Mr Harris teaches and tutors in the School of English and Media Studies at the University’s Albany campus, where he was nominated for Lecturer of the Year in 2010. His writing has been published widely, from academic articles in Landfall to creative writing in Poetry New Zealand, Trout, Southern Ocean Review, Kokako, and many others. His second short film, Snooze:Time, has just gone into production and stars iconic British-Kiwi actress Lisa Harrow.
“It's about the different kinds of time we experience: from the agonisingly slow (morning-after-time, microwave-time) to the truly chaotic (such as the contradictory-time of old age, when the days seem to crawl by but Christmas comes around faster each year).”

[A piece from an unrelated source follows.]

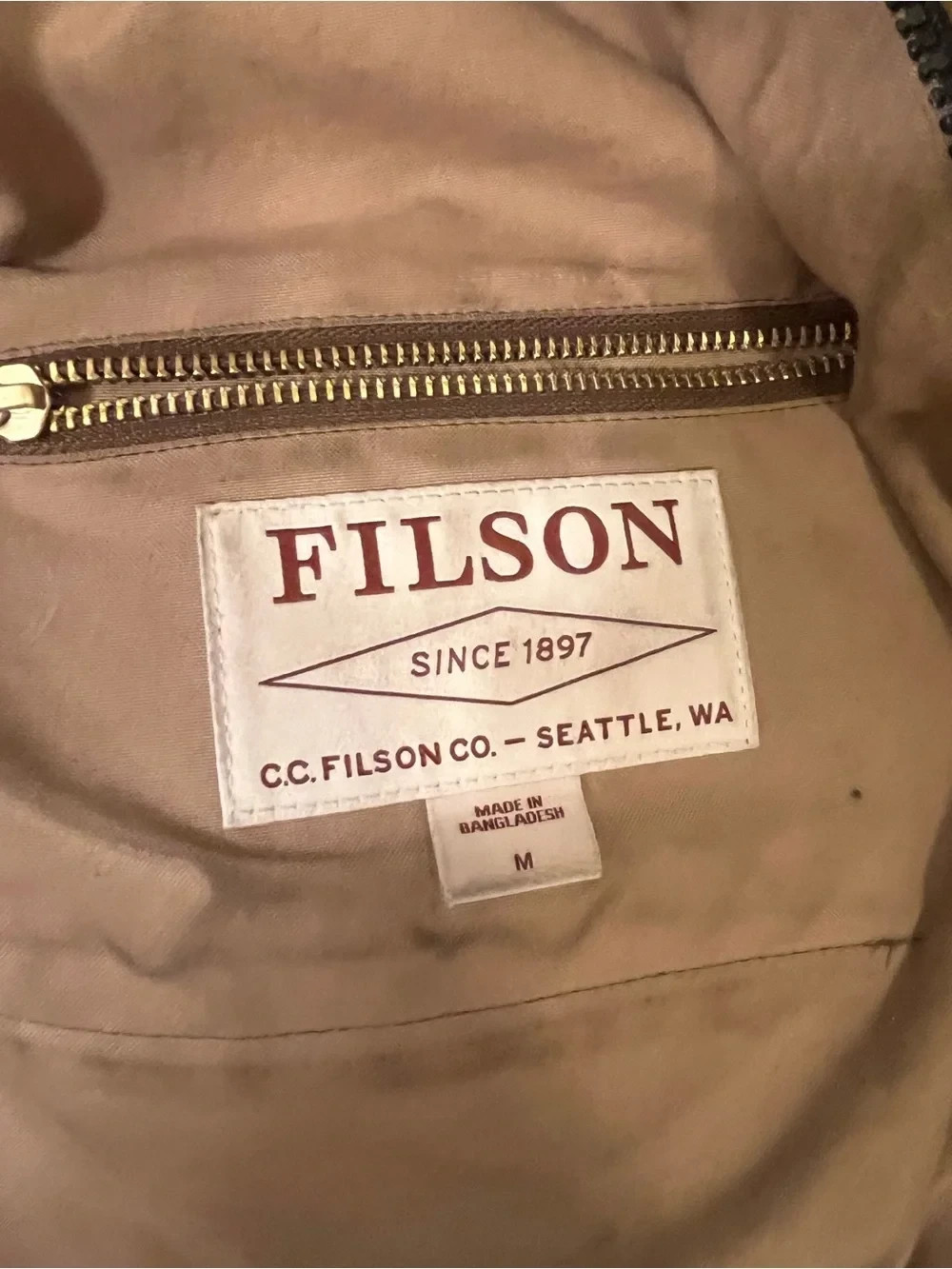C.C. FILSON Short Lined Cruiser Jacket Oil Tin Cloth Made In USA Jacket Waxed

The Tribeca Film Festival was established in 2003 by a group of New York filmmakers, including Robert De Niro, in the aftermath of the September 11, 2001 terror attacks on the World Trade Centre. Its purpose was to address the loss of vitality in the TriBeCa neighbourhood in Lower Manhattan. The festival programme includes a line-up of independent films, from documentaries to short films, and draws an estimated three million people. Works entered in the short film category are eligible for cash and value-in-kind prizes totalling more than$10,000 and the winner of the Best Narrative Short award will qualify for consideration in the Academy Awards’ short film category.
Mr Harris says he is really pleased his film is debuting on America’s East Coast. “It's definitely the kind of film that will appeal more to the slightly neurotic New York temperament than the bling and bluster of the West Coast. It's a great fit."